Linda K. Muthen posted on Monday, January 28, 2008 - 3:55 pm

Please send your input, data, output, and license number to support@statmodel.com.

Michael Spaeth posted on Thursday, January 31, 2008 - 6:56 am

In my understanding mplus always uses algorithm = integration in the binary part of the model and in the whole model regardless of specifying covariances. This leads to my problem. I want to test for influences of covariates on my outcome (time variant and time invariant). These tests include mediational effects. The manual declares that it is not possible to use Model indirect command in conjunction with algorithm = integration. Which options do I have to test for mediational effects in two part models? It would be best if these options include time variant and time invariant mediational testing. Thanks!

Leah Rohlfsen posted on Thursday, January 31, 2008 - 10:04 am

I want to make sure I completely understand the estimate for the mean of the 'iu' parameter in two-part models for two classes. For latent class #1, the estimate is -1.247 and for latent class #2, the estimate is .000. How are these interpreted? Is the estimate for class #1, the log odds of having any of the outcome COMPARED to class #2? Is it appropriate to exponentiate -1.247 (=.287) and then subtract it from 1 (1-.287 = .713) and say class #1 is 71% less likely to have any (outcome)compared to class #2?

Similarly, in regular latent class modeling with two groups for an ordinal outcome, the estimate of the mean of 'i' for group #1 is .000 and for group #2 it is -.037. Are these interpreted similar to above (it is an estimate of the intercept in comparison to the other group)? Is this why one group's estimate is .000?

Also, if the estimate for one of the groups (classes) is not significant, then there are no siginificant differences between the groups (classes) in the intercept (i or iu)?

Bengt O. Muthen posted on Thursday, January 31, 2008 - 4:52 pm

Model Indirect for algo = integration has not been implemented yet because it is more complex. However, for any model you can use Model Constraint to define a mediation parameter, say m = a*b, and this gives you a SE for it so you can test it. But note that it is not obvious (to me) that this product formula holds for the two-part model, or how it would have to be modified. - Perhaps something for a methods paper? Perhaps Dave MacKinnon at ASU knows or is interested.

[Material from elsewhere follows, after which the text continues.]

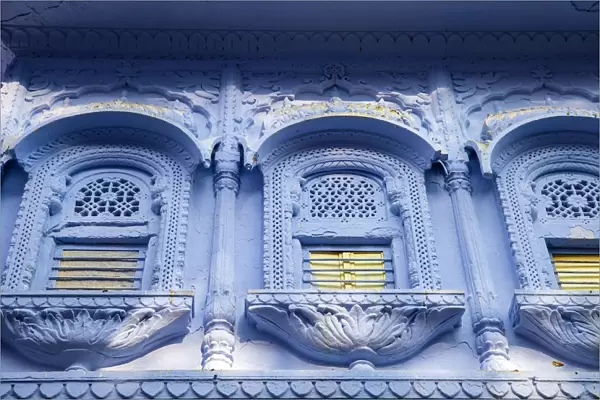 India, Rajasthan, Pushkar, Ornate windows on blue house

Leah Rohlfsen posted on Friday, February 01, 2008 - 2:26 pm

This is a question in regards to the post on Thursday, Jan 31st at 10:04 am. I may not have been clear in my question...is there any other information that I can give to help you answer my question?
Thank you. I really appreciate your help!

Bengt O. Muthen posted on Friday, February 01, 2008 - 3:26 pm

Going back to your question from Jan 31 at 10:04:

[iu] refers to the mean of the random intercept of the binary part of the 2-part model. The binary part is a logistic growth model for experiencing the event in question. Individual differences in development over time of this probability are expressed by random growth factors. So a good place to read more about this is in books on binary random effects growth modeling such as Applied Longitudinal Analysis by Fitzmaurice, Laird and Ware. With the twist that you have two latent classes.

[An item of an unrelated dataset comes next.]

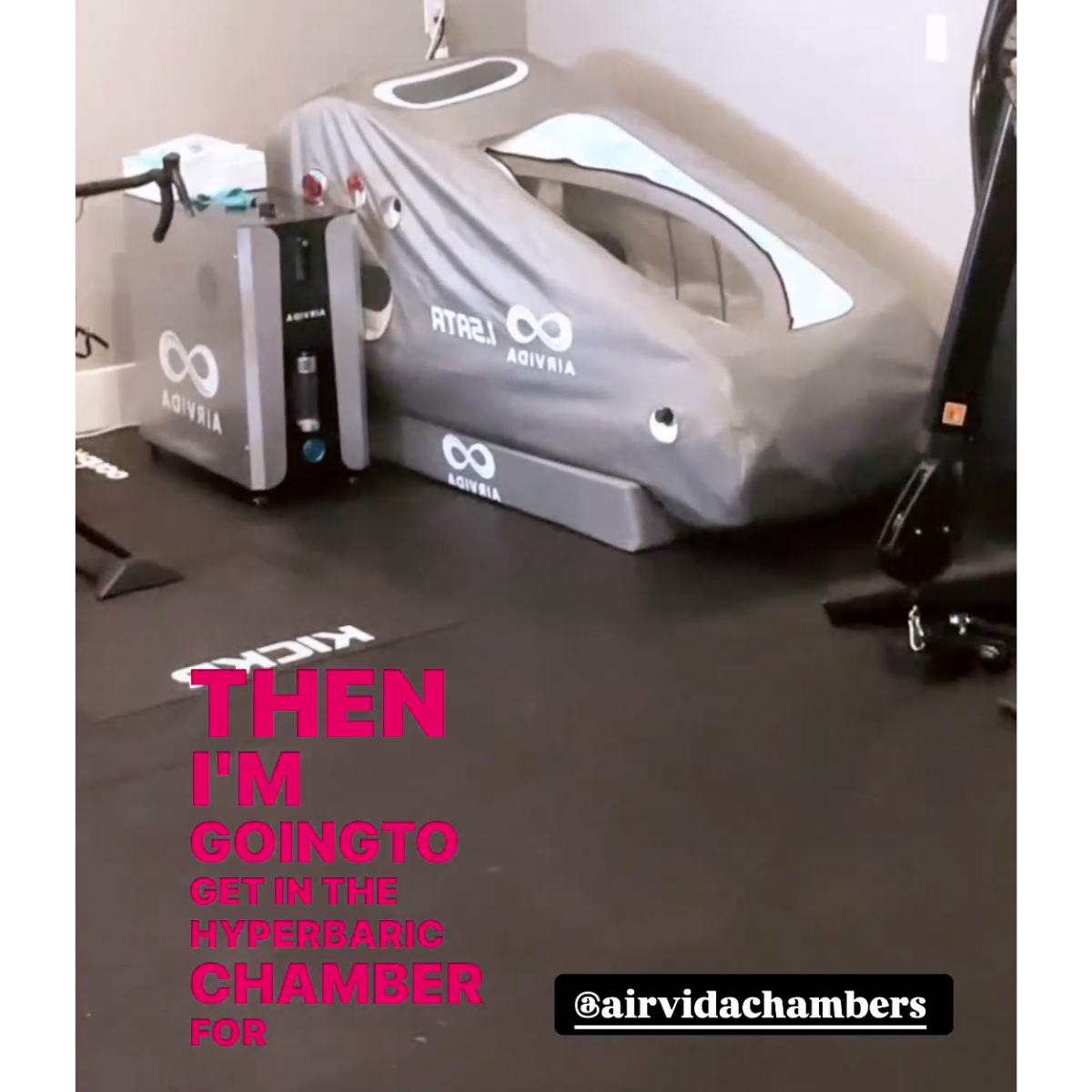 An Airvida 1.5ATA hyperbaric chamber sits on a gym floor.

Extracting a quick answer from this for you, note that the probability of u=1 (observing the event) at the time point where the time score is zero (often the first time point) is directly related to [iu] as

(1) P(u=1) = 1/(1 + exp(-L)),

where L = logit = log odds for u=1 vs u=0 = -t + [iu] with t denoting the threshold parameter. Here [iu] = 0 for one class and estimated freely for the others. From (1) you can compute the probability of u=1 for each class when the random intercept is at its mean (note that you have to condition on the mean). And as you say, in line with regular logistic regression with a binary outcome and a binary covariate (the latter being your latent class), you can exponentiate [iu] to get the odds ratio (I would not subtract from 1 etc, but simply talk in terms of odds ratio). But talking in terms of probabilities may be more down to earth.

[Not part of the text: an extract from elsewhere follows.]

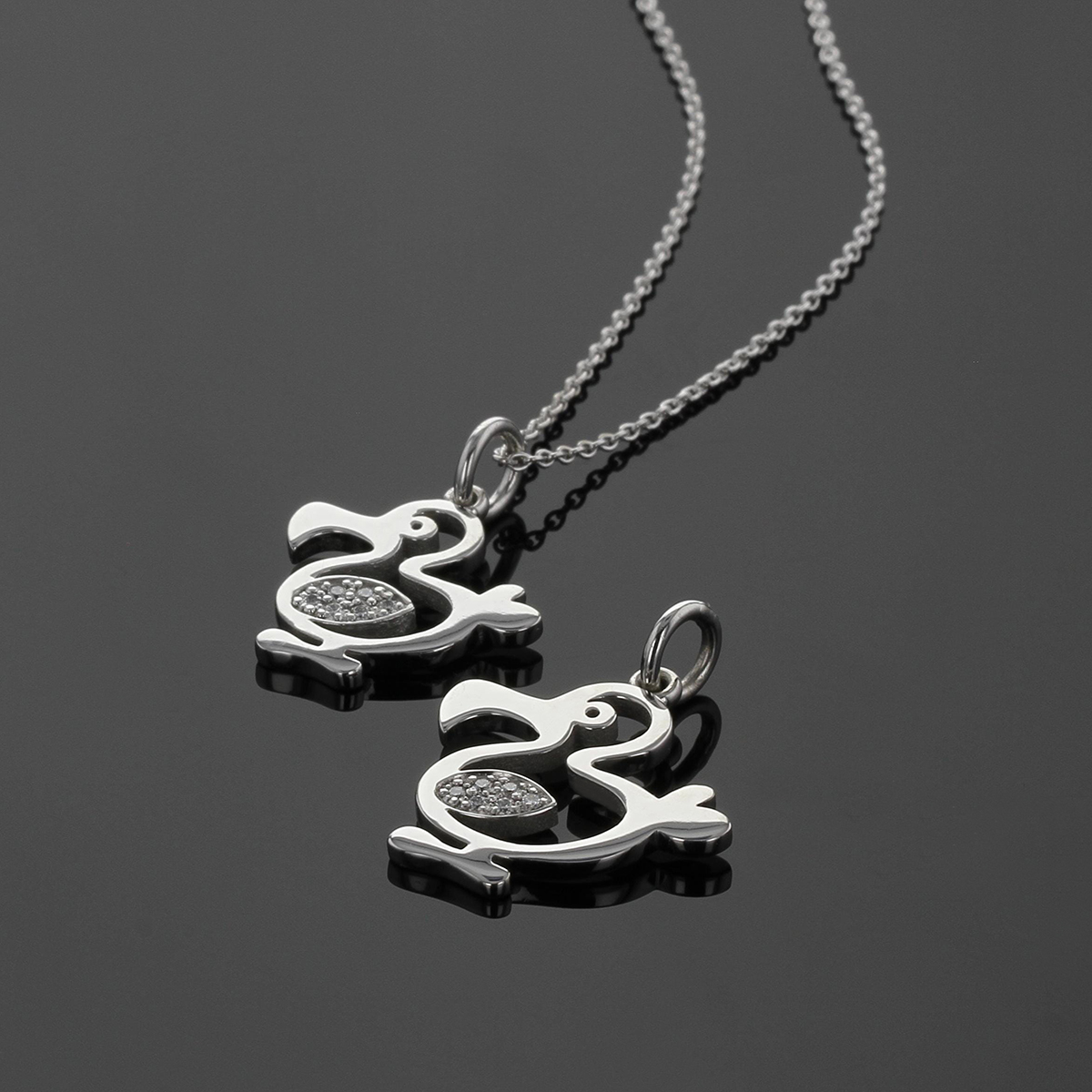 Dodo pendants in polished white gold with diamonds set in their wings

And, yes, one group having mean zero is to provide this reference group.

And, yes, on your last question.

Michael Spaeth posted on Friday, February 08, 2008 - 10:48 am

Bengt, back to your answer from Jan. 31 at 4.25pm

Thank's! Yes it would be best to contact him! Together with Cheong and Khoo he recommends parallel process modeling for testing mediational effects in LGM (2003). I have a strong theory for my mediational effect so the, in fact, correlational relationship between mediator and outcome wouldn't mind me. Is it possible to use this approach in mplus two-part modeling? It seems to me, that there is no model indirect command needed in the case of parallel process modeling. This would help me to investigate mediational effects with my covariates specified as time invariant (T1 value and time averaged). I also investigate their mediational effects within my two part model specified as time variant covariates. For this case I also see no other way instead of asking a specialist like MacKinnon.

Bengt O. Muthen posted on Friday, February 08, 2008 - 5:59 pm

You can have a parallel process growth model in the 2-part modeling framework. But a regular auto-regressive parallel process (cross-lagged model) wouldn't be able to have the 2-part structure.

Michael Spaeth posted on Saturday, February 09, 2008 - 6:15 am

just to clarify, it makes sense that my first process (mediator) is normal LGM and my second process is 2-part and that I regress 2-part both growth-parameters on LGM growth parameters?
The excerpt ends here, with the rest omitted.